I’ve banged on enough about the crisis in forests for people here to know what the deal is.
Anyway, there has recently been a bit of back-and-forth regarding the state of large, old trees at a global scale.
These trees are key in both forest and non-forest ecosystems. The definition of what is ‘old’ and ‘large’ is specific to each region but it is widely accepted that these trees tend to store lots of carbon and are valuable for many species because of their structural complexity.
David Lindenmayer and colleagues published a note last year on the importance of large, old trees and evidence for their declines, and they expanded on that with an article discussing policy options to deal with these declines.
This is all important stuff and they had me convinced. It makes sense. Large, long lived species are disproportionately vulnerable to threats because they take a long time to reach maturity and they are targeted simply because they are large – for animals see hunting of ungulates, for trees see selective logging.
However, a recent letter by Edward Faison has made me doubt the claims of Lindenmayer. Faison points out that there have been increases in the abundance of large trees in forests in Sweden, Spain, Hungary, Italy and Switzerland.

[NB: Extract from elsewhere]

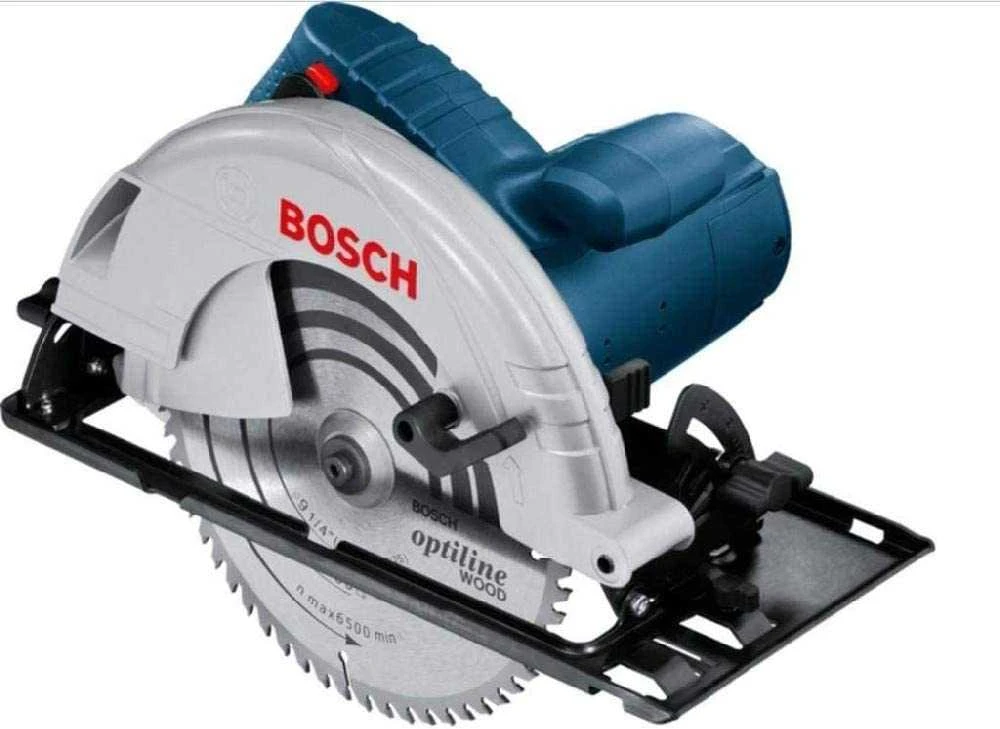 Diskinis pjūklas Bosch GKS 235 TURBO; 2050 W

In addition there have apparently been relatively few declines of large trees in North America.
Lindenmayer and colleagues have since rebutted this letter, saying that there is a difference between large old trees and simply large trees. They point out that there have been increases in Europe and North America but that these increases have been from a very low point since both regions have historically cleared large swathes of forest for agriculture. They also point out the loss of large trees as a result of logging in the tropics as well as in Australia, North America and Siberia.
And yet I am still not entirely convinced.
Don’t get me wrong, I believe that large old trees are probably in decline in the ecosystems they talk about, but is this a general trend all over the place?
I am also a little scared that all of the discourse on this so far has been in the form of reviews/essays that could easily cherry-pick some cases and then craft a nice narrative around them. It is easy to believe the stories we tell ourselves and this is where we as scientists should be most self critical. After all how many beautiful sounding theories have been seen to have nothing to do with how things work in the real world? The only way to confront such problems is with cold, unemotional statistical analysis.